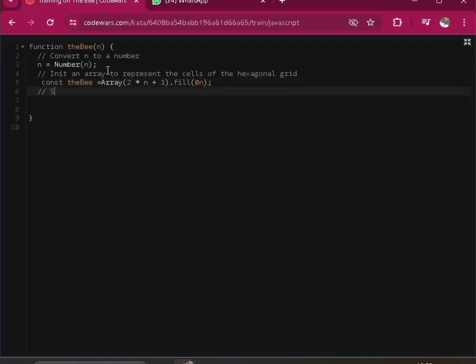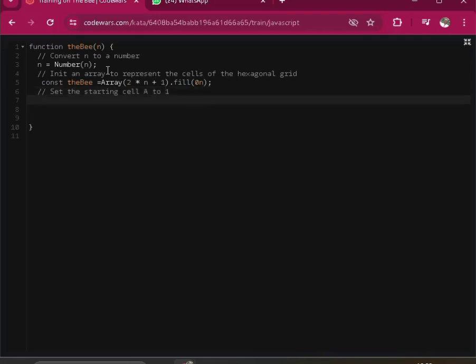So that we set the starting cell A to 1 to be the, and then to one. Alright.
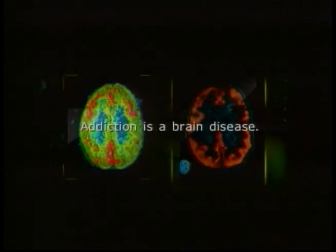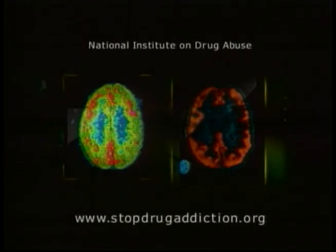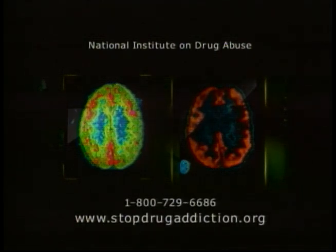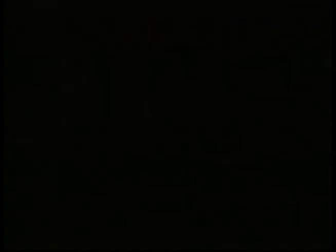Addiction is a brain disease. For information, visit StopDrugAddiction.org or call 1-800-729-6686.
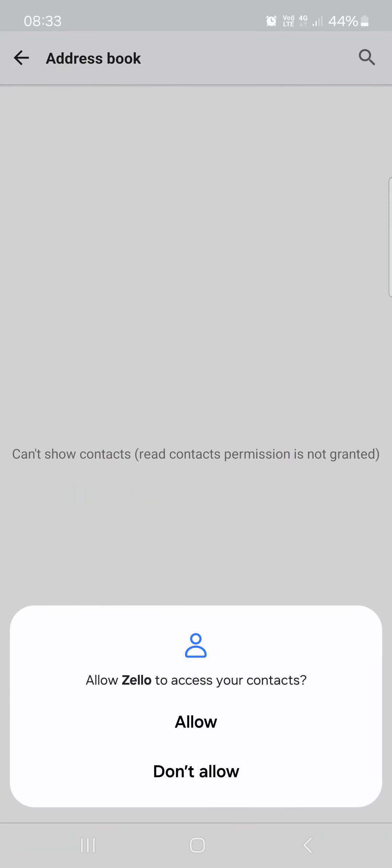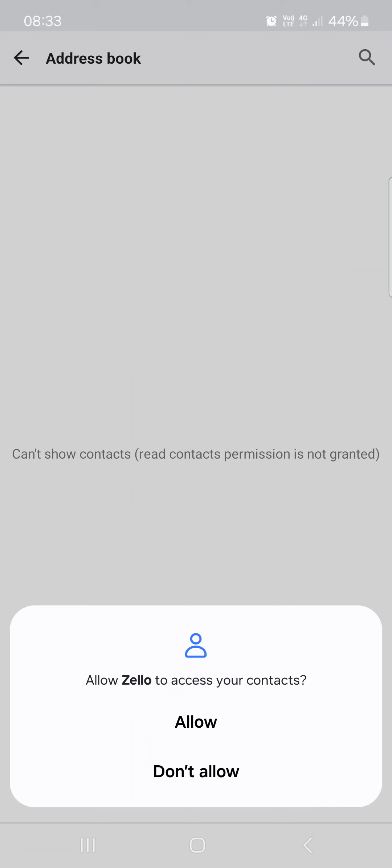And here we can invite friends from our contact list or from the contact list that we have inside the Zello app. Just tap on the person that we want to invite to our channel. So yeah.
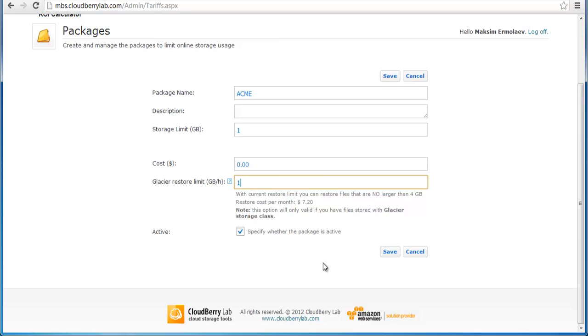This information is set for each user. If several users want to restore data at the same time, your peak retrieval rate may be higher.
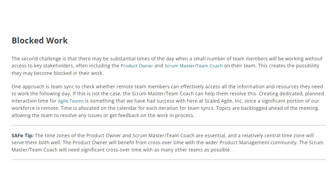The second challenge when trying to accommodate time zones is blocked work. There may be substantial times of the day when a smaller number of team members are working without access to key stakeholders — often including the product owner and scrum master on their team. This creates the possibility that they may become blocked in their work.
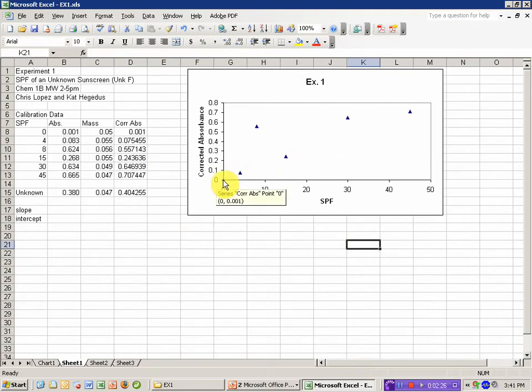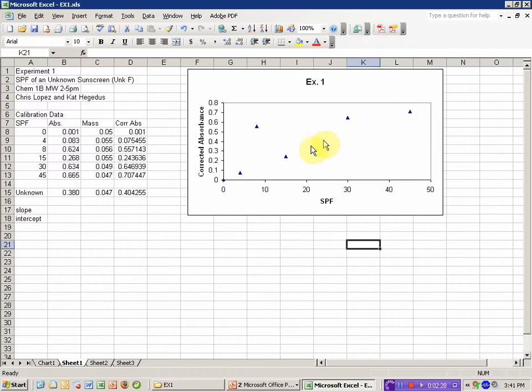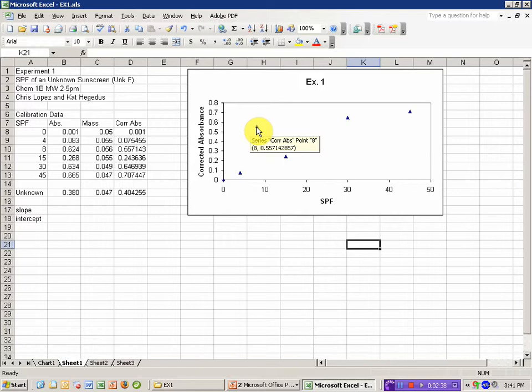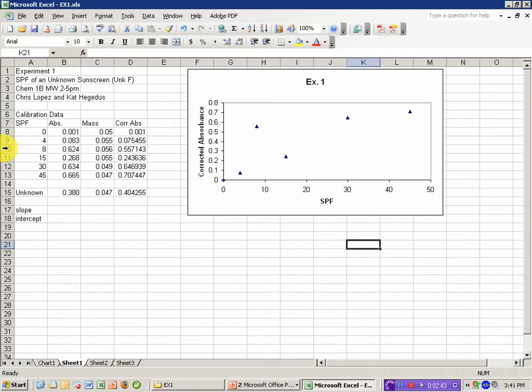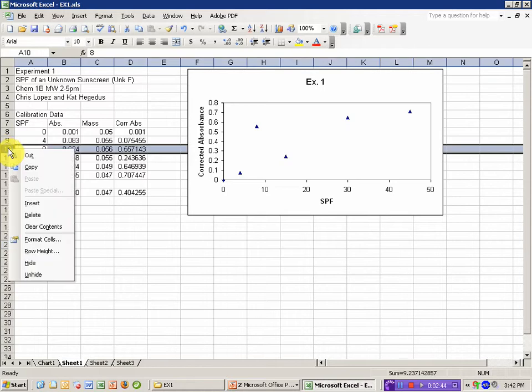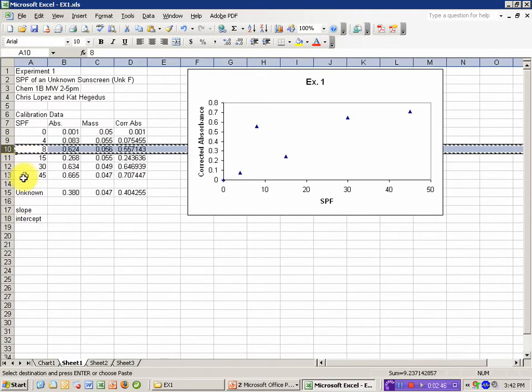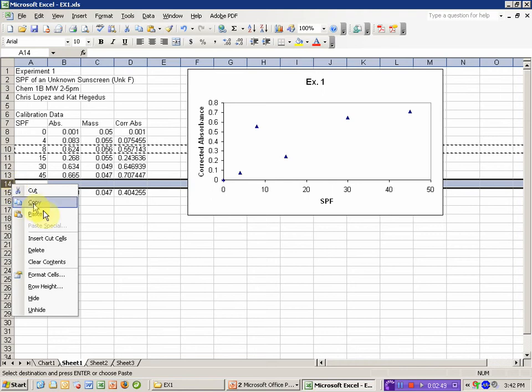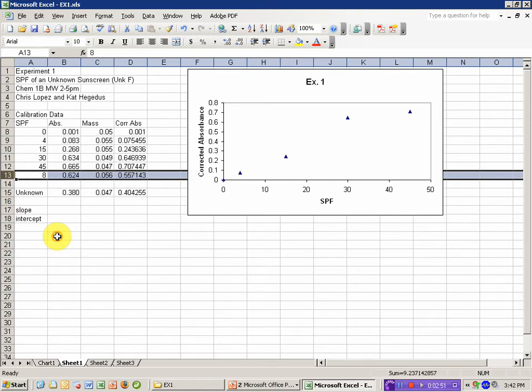For the most part, including the blank, this looks linear, but this data point doesn't seem to fit. As I move my mouse cursor over it, it tells me it's the 8 SPF value. So I want to include that in the plot, but not include it in the linear fit. To do that, I'm going to take this data, cut that row, and stick it at the end. And it will make sense in a minute why we did this.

§ **Problem description**
Leave out all pictures and output each line exactly, from the top of the records through the line that holds "This information is".

§ **Answer for the task**
So that we set the starting cell A to 1 to be the, and then to one. Alright.
Addiction is a brain disease. For information, visit StopDrugAddiction.org or call 1-800-729-6686.
And here we can invite friends from our contact list or from the contact list that we have inside the Zello app. Just tap on the person that we want to invite to our channel. So yeah.
This information is set for each user. If several users want to restore data at the same time, your peak retrieval rate may be higher.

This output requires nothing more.